I'm leaning toward giving the scenario to the closest dealer to me and see if they'll just swap a new and improved switch for the old one on my workbench.... if not I'll probably do exactly as you suggest Fred. I just hate to worry when I'm in the middle of nowhere.... But I have copies of the thread on how to hotwire. I guess I'll bring that with me. And if it does fail I can have them swap the original tumbler onto the new switch and I'm good to go with one "true" key.
Any faulty logic there?
Nope. At least not that I can see. Anyone that has had a switch replaced previously, where they handed you new keys for the ignition got hosed by a dealer too lazy to swap the cylinders. The only reason you should have gotten a new key is if the tumbler part of the switch was the problem, ie something mechanical.
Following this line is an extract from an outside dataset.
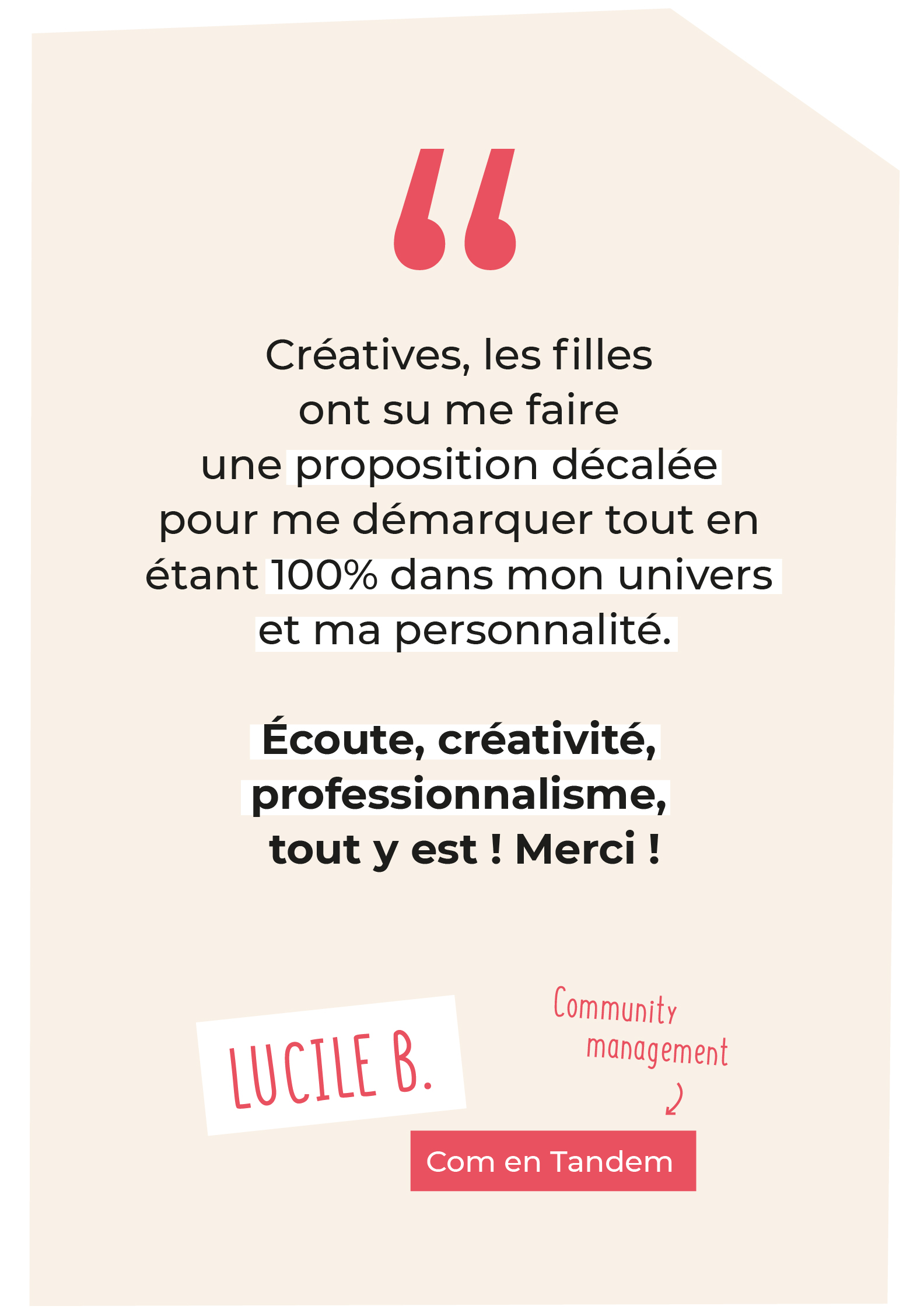 Lucile B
I think that anyone that has an original switch and "Brodie Bypass Relay" installed will likely never have another switch failure, at least not one due to overheating. No matter what they did to the switch to improve its contacts I would still think that a BBR (or some other means to get a good chunk of the current load off the switch) would be good insurance.
If you have swapped out your stock headlights for HIDs, (which are powered directly from the battery through their own relay), you may have already removed enough of the current from the switch (110Watts = ~8 amps) , but putting the BBR in eliminates all but a tiny trickle of current needed to operate the relay.